DATASET RECORDS:
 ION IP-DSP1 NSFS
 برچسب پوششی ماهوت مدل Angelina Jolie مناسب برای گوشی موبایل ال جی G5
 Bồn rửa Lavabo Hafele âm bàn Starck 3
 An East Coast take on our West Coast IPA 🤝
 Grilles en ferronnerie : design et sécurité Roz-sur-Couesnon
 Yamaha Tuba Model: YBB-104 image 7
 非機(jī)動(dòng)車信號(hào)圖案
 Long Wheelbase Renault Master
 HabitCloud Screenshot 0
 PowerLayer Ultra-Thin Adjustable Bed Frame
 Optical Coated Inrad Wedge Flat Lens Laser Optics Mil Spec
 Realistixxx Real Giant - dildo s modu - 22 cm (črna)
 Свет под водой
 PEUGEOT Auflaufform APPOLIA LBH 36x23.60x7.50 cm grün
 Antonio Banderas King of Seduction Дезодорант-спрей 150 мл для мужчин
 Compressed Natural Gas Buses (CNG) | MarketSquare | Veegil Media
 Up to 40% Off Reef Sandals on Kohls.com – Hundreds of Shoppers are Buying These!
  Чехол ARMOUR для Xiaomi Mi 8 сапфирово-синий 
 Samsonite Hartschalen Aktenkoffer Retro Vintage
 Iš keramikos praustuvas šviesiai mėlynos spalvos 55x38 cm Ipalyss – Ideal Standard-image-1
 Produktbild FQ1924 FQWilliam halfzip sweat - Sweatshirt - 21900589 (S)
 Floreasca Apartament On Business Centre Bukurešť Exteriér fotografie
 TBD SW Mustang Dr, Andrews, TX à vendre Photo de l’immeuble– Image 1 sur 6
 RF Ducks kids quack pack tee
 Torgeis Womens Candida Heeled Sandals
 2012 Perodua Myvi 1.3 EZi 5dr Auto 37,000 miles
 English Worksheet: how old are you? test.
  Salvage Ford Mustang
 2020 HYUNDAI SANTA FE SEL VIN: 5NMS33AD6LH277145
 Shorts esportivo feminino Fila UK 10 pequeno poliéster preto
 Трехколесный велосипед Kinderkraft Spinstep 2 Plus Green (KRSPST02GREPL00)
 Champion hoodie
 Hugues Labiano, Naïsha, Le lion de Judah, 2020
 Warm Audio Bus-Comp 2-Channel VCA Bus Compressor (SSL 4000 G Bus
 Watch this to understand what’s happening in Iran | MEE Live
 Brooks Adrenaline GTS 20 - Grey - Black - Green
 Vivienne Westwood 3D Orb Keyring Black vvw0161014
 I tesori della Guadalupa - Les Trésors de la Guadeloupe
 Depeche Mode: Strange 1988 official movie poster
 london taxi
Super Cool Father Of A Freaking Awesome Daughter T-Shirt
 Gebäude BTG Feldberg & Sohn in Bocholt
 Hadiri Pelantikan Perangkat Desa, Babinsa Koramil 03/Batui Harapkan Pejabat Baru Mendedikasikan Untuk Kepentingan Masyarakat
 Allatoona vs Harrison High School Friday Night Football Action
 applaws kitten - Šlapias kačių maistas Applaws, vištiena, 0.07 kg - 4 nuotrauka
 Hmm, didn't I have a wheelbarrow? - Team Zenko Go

WORK TO COMPLETE:
Output the whole listing again, keeping every line identical.

RESULT BELOW:
 ION IP-DSP1 NSFS
 برچسب پوششی ماهوت مدل Angelina Jolie مناسب برای گوشی موبایل ال جی G5
 Bồn rửa Lavabo Hafele âm bàn Starck 3
 An East Coast take on our West Coast IPA 🤝
 Grilles en ferronnerie : design et sécurité Roz-sur-Couesnon
 Yamaha Tuba Model: YBB-104 image 7
 非機(jī)動(dòng)車信號(hào)圖案
 Long Wheelbase Renault Master
 HabitCloud Screenshot 0
 PowerLayer Ultra-Thin Adjustable Bed Frame
 Optical Coated Inrad Wedge Flat Lens Laser Optics Mil Spec
 Realistixxx Real Giant - dildo s modu - 22 cm (črna)
 Свет под водой
 PEUGEOT Auflaufform APPOLIA LBH 36x23.60x7.50 cm grün
 Antonio Banderas King of Seduction Дезодорант-спрей 150 мл для мужчин
 Compressed Natural Gas Buses (CNG) | MarketSquare | Veegil Media
 Up to 40% Off Reef Sandals on Kohls.com – Hundreds of Shoppers are Buying These!
  Чехол ARMOUR для Xiaomi Mi 8 сапфирово-синий 
 Samsonite Hartschalen Aktenkoffer Retro Vintage
 Iš keramikos praustuvas šviesiai mėlynos spalvos 55x38 cm Ipalyss – Ideal Standard-image-1
 Produktbild FQ1924 FQWilliam halfzip sweat - Sweatshirt - 21900589 (S)
 Floreasca Apartament On Business Centre Bukurešť Exteriér fotografie
 TBD SW Mustang Dr, Andrews, TX à vendre Photo de l’immeuble– Image 1 sur 6
 RF Ducks kids quack pack tee
 Torgeis Womens Candida Heeled Sandals
 2012 Perodua Myvi 1.3 EZi 5dr Auto 37,000 miles
 English Worksheet: how old are you? test.
  Salvage Ford Mustang
 2020 HYUNDAI SANTA FE SEL VIN: 5NMS33AD6LH277145
 Shorts esportivo feminino Fila UK 10 pequeno poliéster preto
 Трехколесный велосипед Kinderkraft Spinstep 2 Plus Green (KRSPST02GREPL00)
 Champion hoodie
 Hugues Labiano, Naïsha, Le lion de Judah, 2020
 Warm Audio Bus-Comp 2-Channel VCA Bus Compressor (SSL 4000 G Bus
 Watch this to understand what’s happening in Iran | MEE Live
 Brooks Adrenaline GTS 20 - Grey - Black - Green
 Vivienne Westwood 3D Orb Keyring Black vvw0161014
 I tesori della Guadalupa - Les Trésors de la Guadeloupe
 Depeche Mode: Strange 1988 official movie poster
 london taxi
Super Cool Father Of A Freaking Awesome Daughter T-Shirt
 Gebäude BTG Feldberg & Sohn in Bocholt
 Hadiri Pelantikan Perangkat Desa, Babinsa Koramil 03/Batui Harapkan Pejabat Baru Mendedikasikan Untuk Kepentingan Masyarakat
 Allatoona vs Harrison High School Friday Night Football Action
 applaws kitten - Šlapias kačių maistas Applaws, vištiena, 0.07 kg - 4 nuotrauka
 Hmm, didn't I have a wheelbarrow? - Team Zenko Go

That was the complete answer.